Day one and I am returning to St Petersburg. The first point at which I crossed Annie’s path. She sailed to the Baltics in 1866, I took the train 147 years later. To be honest, I was just glad to get there, anything else in terms of exploration was a bonus. After four days of travelling I had spent two nights on a train, experienced an unnerving border crossing and had been stranded in Belarus in the middle of the night with neither local currency or language. Reaching the one place I had been to previously, it felt like a huge achievement and a familiar face all at once. To meet up here with Annie was lovely, it gave purpose to my stay. I visited the Botanical Gardens, remembered the Hermitage and completed an expedition in looking for a stamp to send a postcard back. My journey had begun.

The Church on Spilled Blood

The Church on Spilled Blood, Louise Kenward 2013

Setting up at the museum this morning I have a large wall space and long wide shelf the length of the wall.

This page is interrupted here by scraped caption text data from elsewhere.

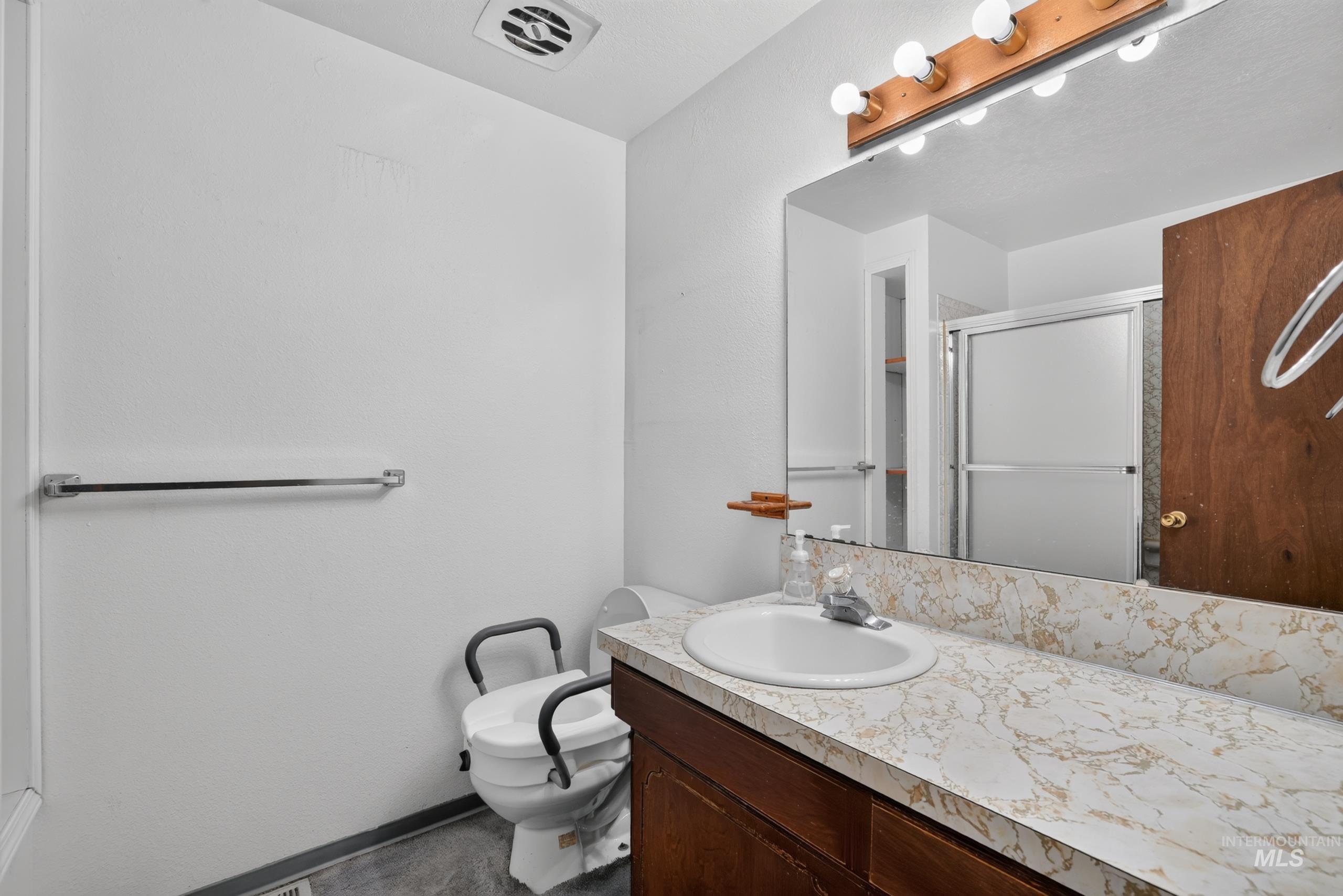 9055 West Highlander Road Boise, ID 83709 - Photo 26 of 39 Vanity with a built-in sink and stone-finish countertop, mirrored wall, and a shower with a sliding glass enclosure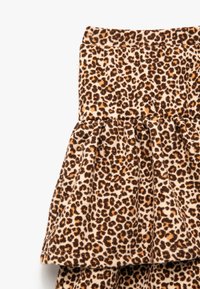 Leopardmønstret peplum-nederdel lavet af blødt, struktureret stof; har en tætsiddende talje og lagdelt flæse i kanten.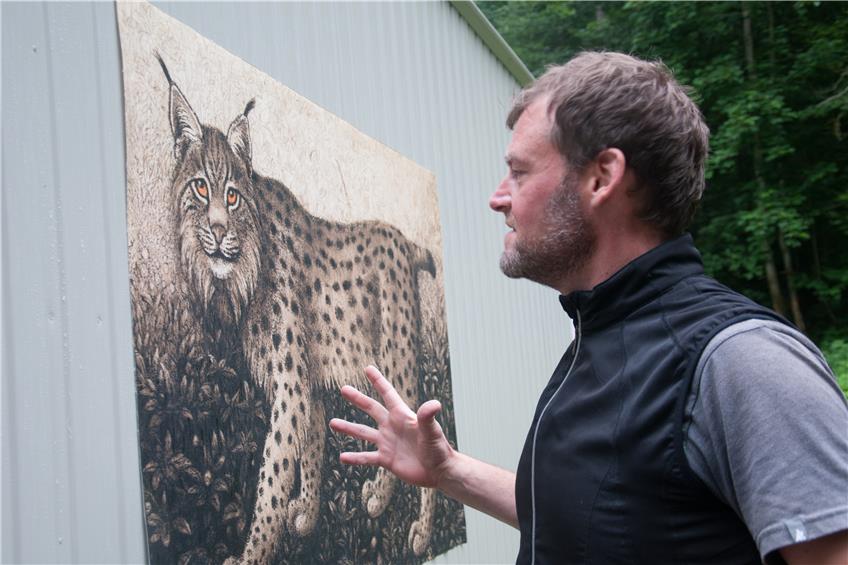 Vereinsmitglied Heiko Hinzmann präsentiert eine der vergrößertenRadierungen mit Tiermotiven von Kunstmaler Norbert Stockhus.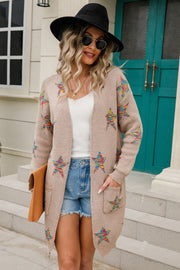 Dust Storm knit cardigan with colorful embroidered starbursts, open front, long sleeves, and pockets.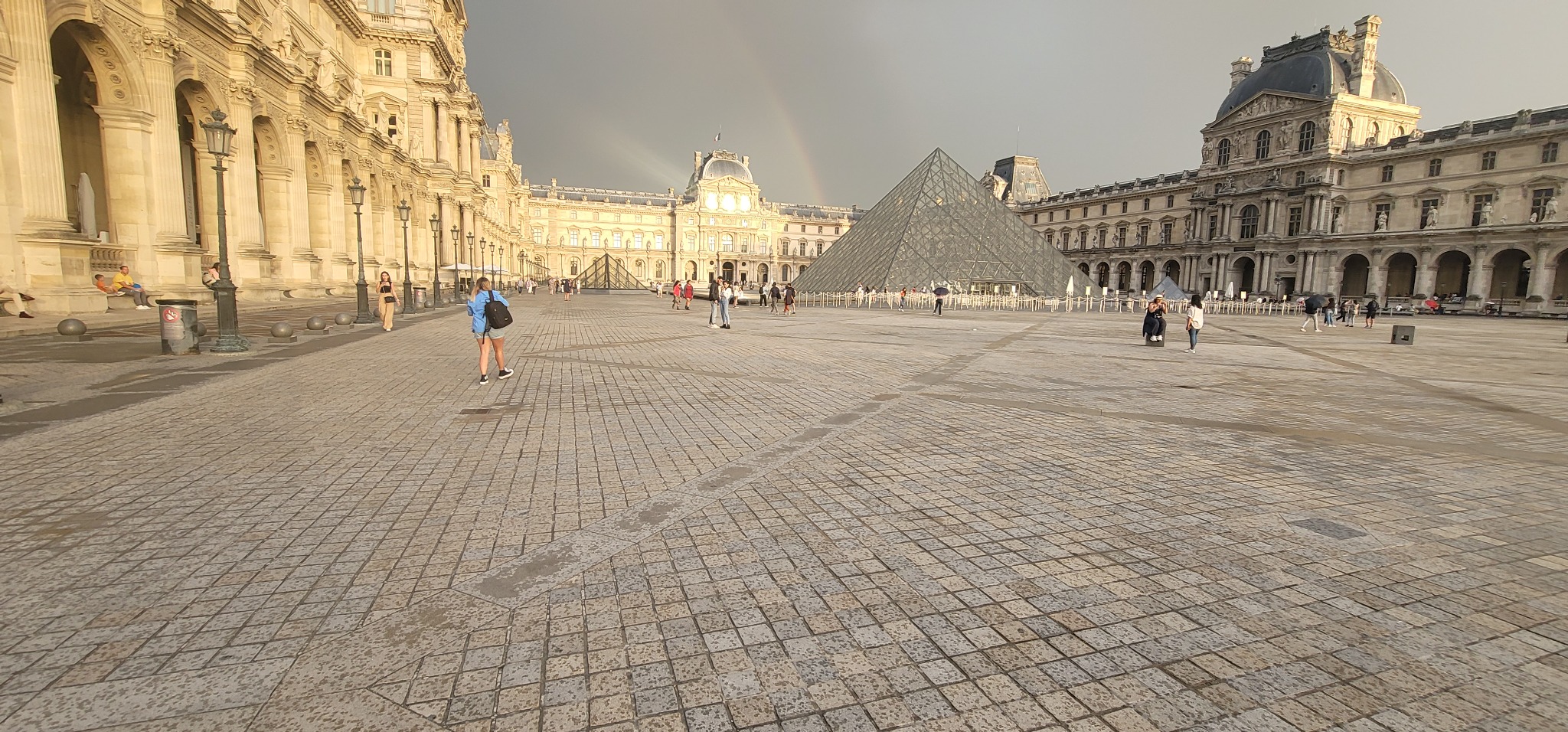 Wide view of the Louvre courtyard and glass pyramid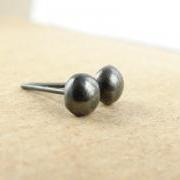 Small silver studs .  Black oxidized sterling silver pebbles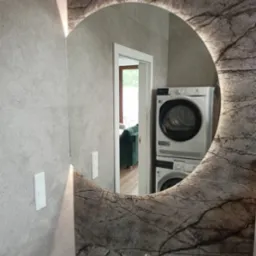 Okrągłe lustro z podświetleniem LED i marmurkowym wzorem, odbijające pralkę i suszarkę w nowoczesnej łazience z płytkami w odcieniach szarości.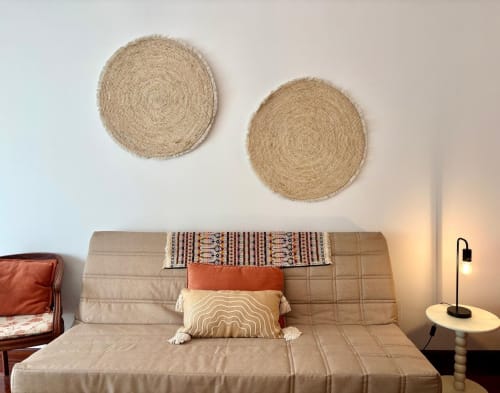 Sofá beige con cojines decorativos y tapices tejidos en la habitación del hotel Amieiro, Baiona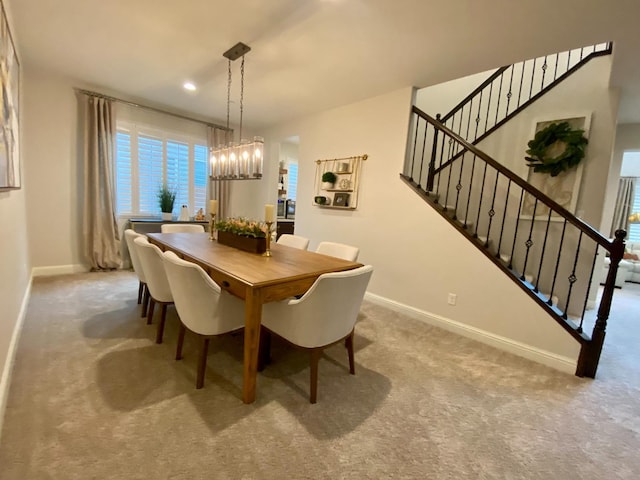 dining room featuring carpet floors and an inviting chandelier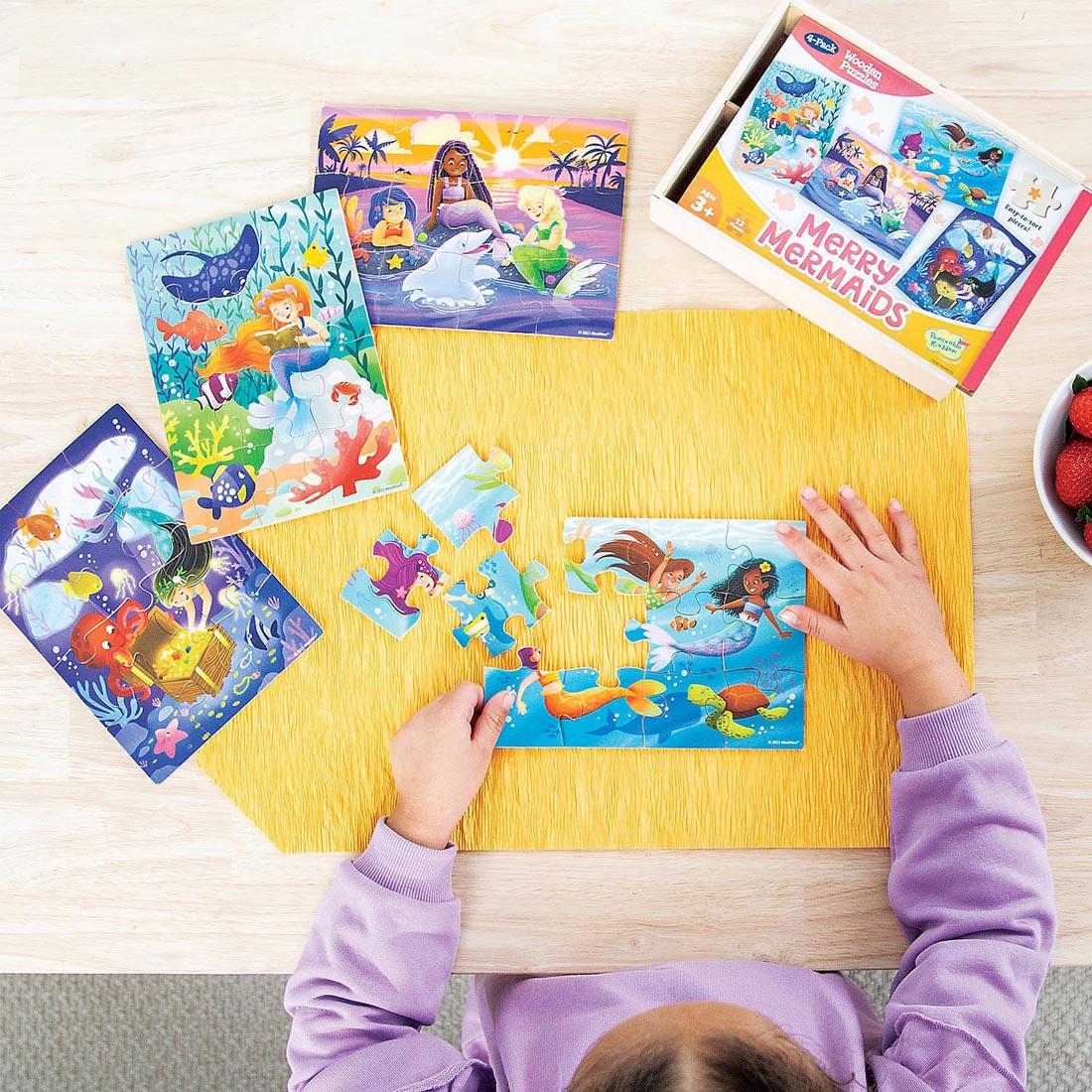 view from above of child completing puzzles from the Merry Mermaids Wooden Puzzles 4-Pack By Peaceable Kingdom
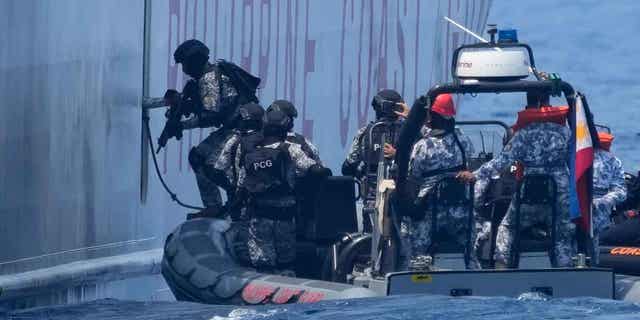 Armed Philippine Coast Guard personnel 
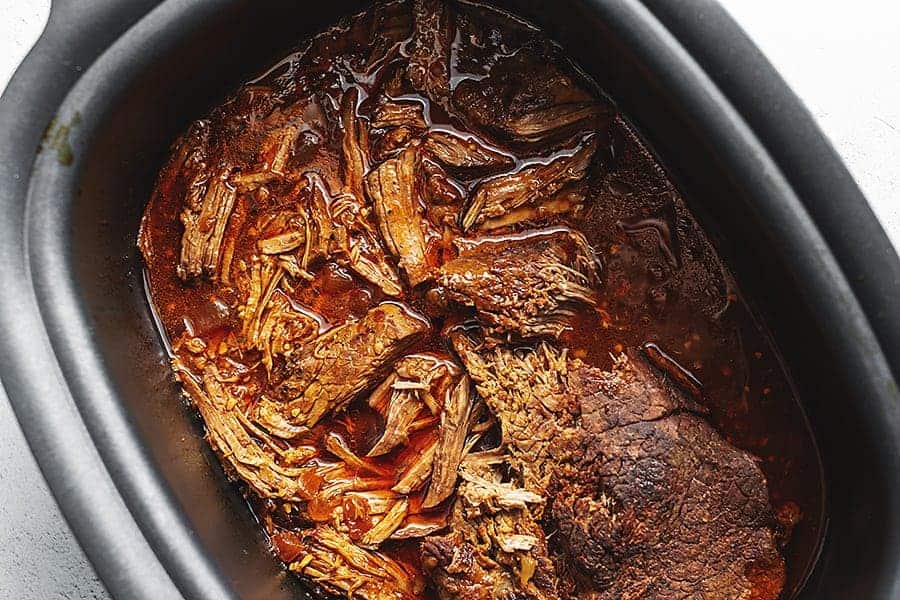 shredded balsamic London broil in a black crock pot 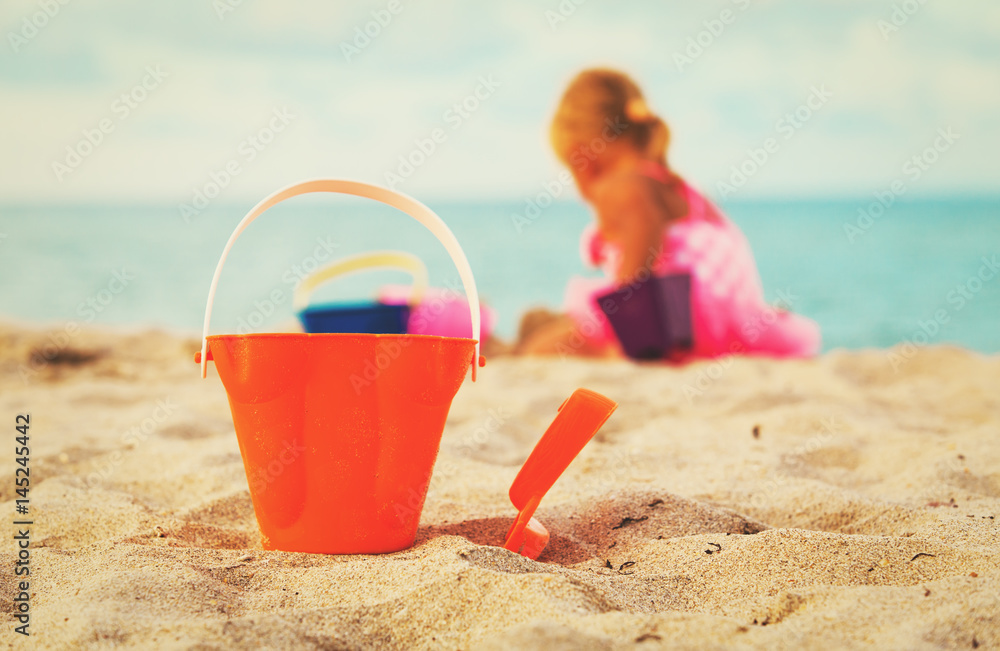 kids toys and little girl playing on beach kids toys and little girl playing on beach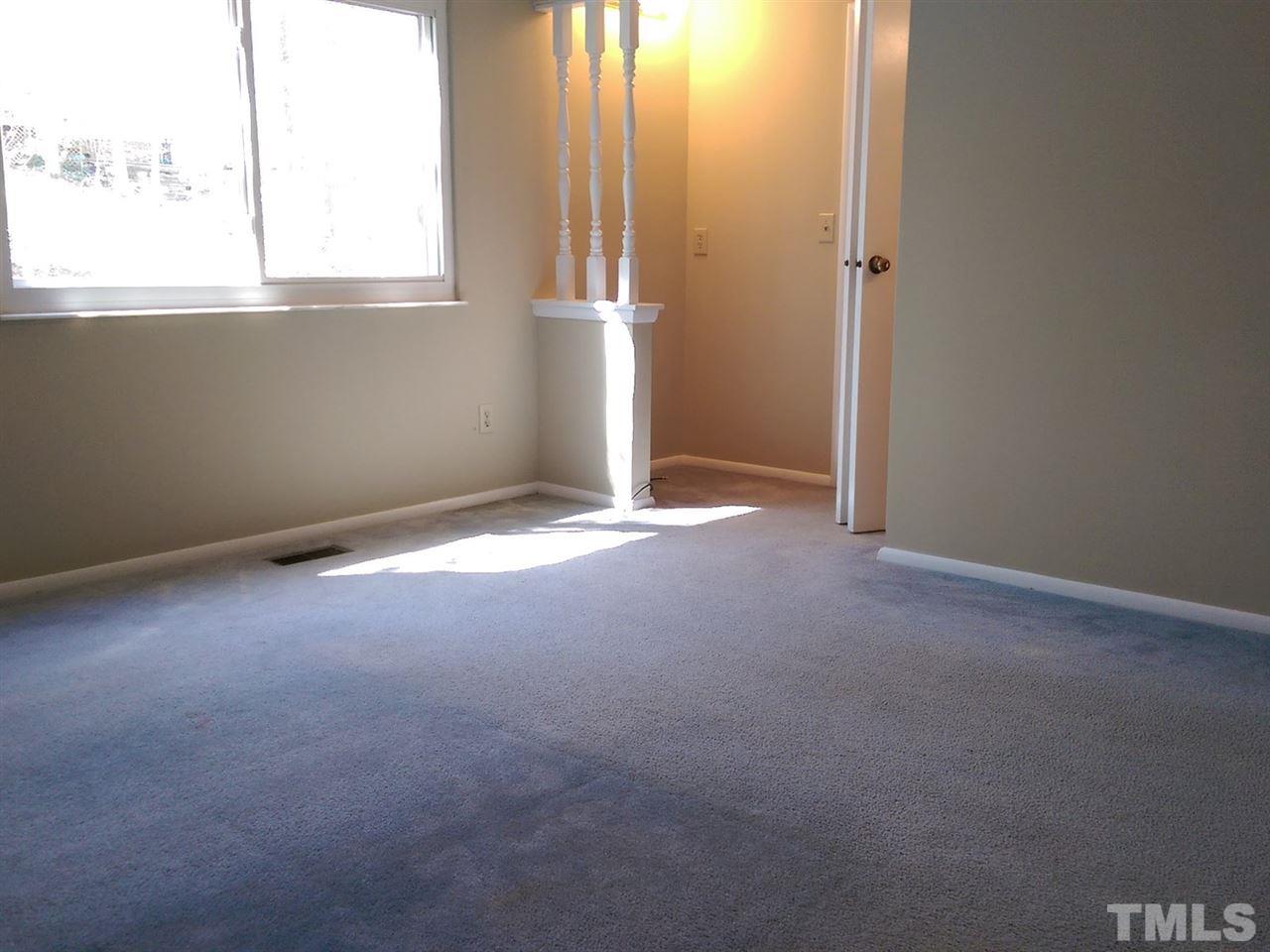 7909 Janet Court Raleigh, NC 27615 - Photo 8 of 25 an empty room with windows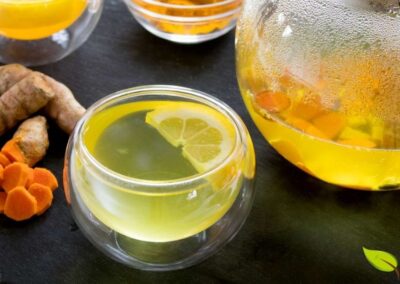 Xícara de chá de cúrcuma tradicional em tom amarelo dourado intenso sobre superfície clara. Esta infusão simples e poderosa é preparada com raiz de cúrcuma fresca ou em pó, água quente, pimenta-do-reino e uma fonte de gordura saudável para maximizar a absorção da curcumina. Perfeito para consumo diário como anti-inflamatório natural.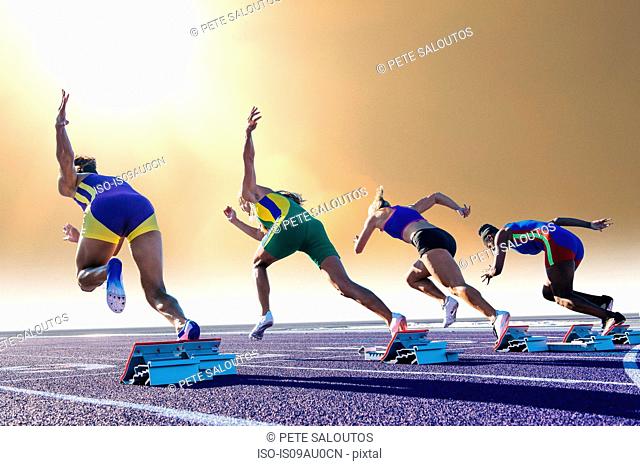 Four female athletes on athletics track, leaving starting blocks, rear view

The possibilities are tantalising. I come armed with materials, equipment, books and artefacts. An empty tea tin with images of the city on it, a calendar from the Hermitage from my previous visit, tickets, postcards, two small 10 kopek coins, a small stone and three acorns from the Botanical Gardens and a leaf stitched into my diary because that’s where it fell while I was writing. Covering the wall in lining paper I enjoy writing and mind mapping, remembering my trip and Annie’s, and Bexhill’s connections with St Petersburg and Russia. Kate Marsden, nurse, missionary, explorer and writer, and (one of the) founder(s) of the Bexhill Museum joined me on my journey through Siberia. Equipped with fur coat and whistle she left Bexhill in 1891 in search for a cure for leprosy. I am working next to a case dedicated to Kate, there is a spectacular photograph of her wrapped up in many many layers of furs and animal skins. In a book with the same image it describes her wardrobe:

“Her get up consisted of Jaeger clothing; a down filled ulster covered by a sheepskin coat covered by a reindeer skin cloak in which she was unable to bend or to manoeuvre herself into a sleigh.” Hodgson, 2002

Kate was nonetheless very grateful for such clothing:

“I wish to thank you for having persuaded me to wear Jaeger Clothing. Humanly speaking I owe my life to that and not taking stimulants; and I really believe that no woman could have gone through all my dangers, privations and difficulties without both of these aids to health” (Advertisement, cited in Hodgson, 2002).

Bexhill to Bexhill

Kate Marsden in full travelling dress, image courtesy of Bexhill Museum.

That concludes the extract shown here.